AN AFRICAN FOR AFRICA

By Johanna McGeary

On a continent normally consigned to the political and economic dustheap, Yoweri Museveni has amply demonstrated that he is something different. The President of Uganda, respected at home as Central Africa's intellectual compass and admired abroad as the harbinger of good news for a blighted region, has successfully resurrected his own benighted country and now fully intends to help neighboring leaders do the same for theirs. The secret? Things long deemed heretical there, like Africans taking charge of their own future, like the virtues of the free market, like a United States of Africa, like cows.

The cows are a constant touchstone for Museveni, the firm ground beneath a philosophy he believes can rescue Africa from chaos. So he often repairs to his cattle ranch in the green hills of Rwakitura where he grew up and where his father before him and his son after him tend the long-horned herds. As the cows file through the gate to the communal wateringhole, Museveni softly calls each by name. "This one is Gaju Ya Bihogo," he says. "That one is Kiremba Kya Ngabo. The gray one over there is descended from my grandfather's herd." Surveying the cattle with an expert eye, he asks his herdsman why one is limping, who is the mother of this young one. "Good cows," he says, "need good politics."

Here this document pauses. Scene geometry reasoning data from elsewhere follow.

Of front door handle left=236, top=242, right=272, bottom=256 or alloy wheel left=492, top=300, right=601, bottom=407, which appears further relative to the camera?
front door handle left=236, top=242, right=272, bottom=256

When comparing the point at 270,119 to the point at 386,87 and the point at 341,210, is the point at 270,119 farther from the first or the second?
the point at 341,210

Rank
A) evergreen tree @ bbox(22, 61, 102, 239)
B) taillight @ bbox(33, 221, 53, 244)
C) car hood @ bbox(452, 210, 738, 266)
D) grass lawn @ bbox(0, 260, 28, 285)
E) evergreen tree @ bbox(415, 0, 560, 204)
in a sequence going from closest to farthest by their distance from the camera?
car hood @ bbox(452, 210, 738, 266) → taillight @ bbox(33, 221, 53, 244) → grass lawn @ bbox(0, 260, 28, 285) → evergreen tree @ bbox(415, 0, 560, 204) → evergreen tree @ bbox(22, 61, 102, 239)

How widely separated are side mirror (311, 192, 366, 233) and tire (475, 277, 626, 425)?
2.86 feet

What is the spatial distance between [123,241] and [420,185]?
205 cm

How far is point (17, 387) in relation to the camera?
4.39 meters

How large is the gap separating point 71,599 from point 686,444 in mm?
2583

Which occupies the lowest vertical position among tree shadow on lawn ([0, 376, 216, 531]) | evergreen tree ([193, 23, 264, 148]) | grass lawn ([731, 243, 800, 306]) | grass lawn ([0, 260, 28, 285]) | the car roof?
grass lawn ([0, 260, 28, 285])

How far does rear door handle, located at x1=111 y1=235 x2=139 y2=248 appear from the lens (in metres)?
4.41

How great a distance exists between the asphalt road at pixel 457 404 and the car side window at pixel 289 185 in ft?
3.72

So do Africans. That is why Museveni invited himself this month to Kinshasa, capital of neighboring Democratic Republic of Congo, which was Zaire until a few months ago. He was worried that Laurent Kabila, the rebel he helped to the country's presidency, was not making quick enough progress in restoring the ruined country. The meeting had all the ceremony of a summit, but it was really an opportunity for Museveni to give his friend some discreet but blunt advice. "They must start to move here," said Museveni afterward. "People expect to see things happening. Kabila wants to help his people, so that's half the battle won. We can help with the rest."

Uganda's leader is the brains and strategist of the entire region's new thinking. His odd coupling of outsize dreams and practical solutions has transformed his own blood-soaked nation into a model of economic advancement and stability, though hardly an American-style democracy. He believes the same African-style ideology can work just as well in the troubled lands of Congo, Rwanda and Sudan. But it is far from certain that what Museveni did in Uganda can be repeated elsewhere. As Museveni's confreres take power in the region--Kabila now rules Congo, guerrilla companion Paul Kagame is the authority to be reckoned with in Rwanda, old schoolmate John Garang is gaining ground in his long struggle to topple the Islamist regime in Sudan--the question is whether they will prove to be faithful disciples of the Museveni model or just younger versions of Africa's despotic Big Men.

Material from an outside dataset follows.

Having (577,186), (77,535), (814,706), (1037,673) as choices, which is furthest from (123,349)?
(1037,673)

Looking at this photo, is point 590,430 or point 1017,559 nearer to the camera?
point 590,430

Museveni himself seems to have few doubts. "Now Africa can start acting together," he says. "It is the most important time since the end of colonialism." Men he calls "African patriots" have come to power with "common aims, not just past personal connections." They are alike in their antipathy to corruption, their disgust with the old ways, their outrage at how badly their countries were run. And they all seem more concerned with how to promote social, economic and political progress than their predecessors ever were. Says a senior U.S. diplomat: "In comparison to what went before, they look damn good."

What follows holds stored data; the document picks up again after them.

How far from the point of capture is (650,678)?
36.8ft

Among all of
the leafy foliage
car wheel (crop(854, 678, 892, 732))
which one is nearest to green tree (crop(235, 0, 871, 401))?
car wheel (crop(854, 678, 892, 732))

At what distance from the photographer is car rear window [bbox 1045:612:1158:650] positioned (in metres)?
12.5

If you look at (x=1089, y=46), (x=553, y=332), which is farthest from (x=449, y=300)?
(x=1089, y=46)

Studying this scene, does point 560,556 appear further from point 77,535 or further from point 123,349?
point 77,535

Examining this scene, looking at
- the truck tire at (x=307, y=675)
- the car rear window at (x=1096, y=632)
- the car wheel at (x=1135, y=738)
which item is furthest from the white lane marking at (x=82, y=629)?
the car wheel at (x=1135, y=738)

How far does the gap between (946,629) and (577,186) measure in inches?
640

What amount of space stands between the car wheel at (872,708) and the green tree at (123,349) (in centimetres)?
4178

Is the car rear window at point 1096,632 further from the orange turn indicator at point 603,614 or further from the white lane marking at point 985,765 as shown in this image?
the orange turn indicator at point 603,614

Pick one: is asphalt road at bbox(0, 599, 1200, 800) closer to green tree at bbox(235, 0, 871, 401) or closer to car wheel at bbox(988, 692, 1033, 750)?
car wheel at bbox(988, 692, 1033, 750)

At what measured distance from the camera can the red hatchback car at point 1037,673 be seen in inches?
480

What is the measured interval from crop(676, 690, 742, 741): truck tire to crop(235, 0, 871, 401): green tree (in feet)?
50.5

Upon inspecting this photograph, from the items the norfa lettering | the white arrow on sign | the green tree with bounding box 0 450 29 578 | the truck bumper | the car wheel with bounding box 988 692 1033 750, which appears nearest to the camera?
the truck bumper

If they turn out to be as effective as Museveni, they will be good for Africa. But the U.S. and Europe may not entirely like it. Museveni has thought deeply about how Africa can develop, and his view does not neatly fit the Western mold. At its most fundamental, Museveni's ideology is what he calls "Bantuphone," a term he coined loosely meaning made in Africa, not inherited from some colonial master. He wants Africans to look after their own destiny as they pursue modernization, to suit their systems to local conditions. "It's high time," he told TIME, "that white people left Africa alone and started minding their own business." Likewise Africans must "liberate themselves from themselves," divesting their lands of the postcolonial generation of malefactors and incompetents. He has given up the idea of Western salvation, says Constance Freeman, director of African Studies at Washington's Center for Strategic and International Studies, in favor of Africans "relying on themselves."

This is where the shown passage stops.